The shape of the inverse gamma prior distribution on population sizes is set to 3 by default, which makes the coefficient of variation of the distribution being 1. This provides a wide ranging distribution for population sizes. Increasing the value leads to lower variance.

Population Mean

Mean of the inverse gamma prior distribution on population sizes. When means are linked, this only affects the first epoch (i.e. the one starting at the most recent tip). By default, the mean is estimated and comes with a log-normal distribution with mean of 1 in real space and variance of 1, which can be changed (see below), but does not seem to affect the inferred trees very much (see more below).

Group Count

Group count represents the number of groups used, which determines the dimension of the groupSizes parameter. If less than zero (default) 10 groups will be used, unless group sizes are larger than 30 (then group count = number of taxa/30) or less than 6 (then group count = number of taxa/6.
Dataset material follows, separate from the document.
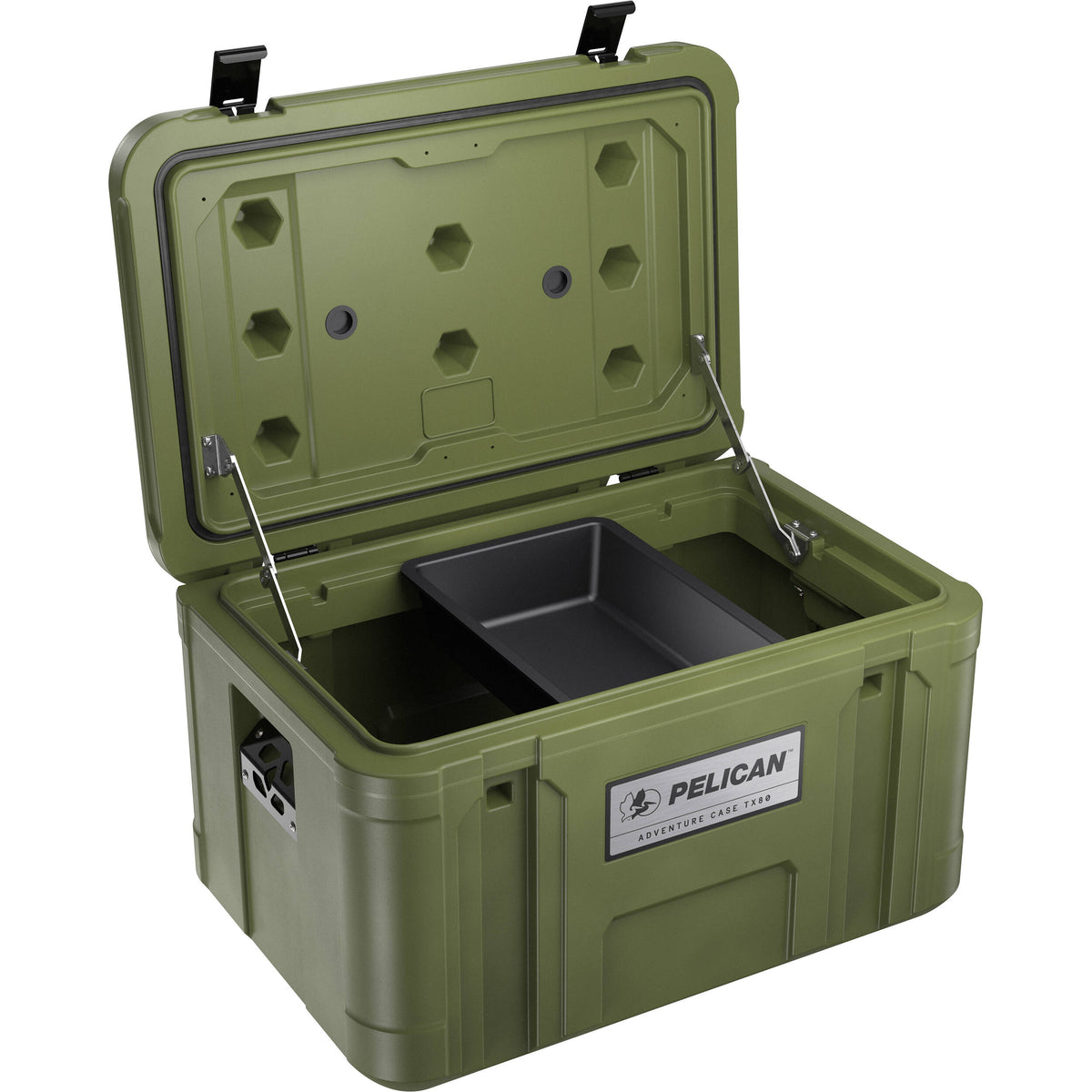 Estuche Rígido Pelican TX80 Adventure (OD Verde, 55.2L) - vista frontal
It can happen that because of the tendency to have fewer coalescent events near the root of the tree per unit of time that the last group stretches over a relatively large amount of time. If group sizes are not estimated (the default behaviour) and group sizes are large this can lead to an unrealistic long episode of constant population size near the root of the tree. A solution to this problem is to use many small group sizes and link means.

Group Sizes

The group sizes parameter that determines the number of coalescent events per group. If not estimated (estimate=false on this parameter), fixed group sizes will be used, otherwise they will be estimated.

Estimate group sizes?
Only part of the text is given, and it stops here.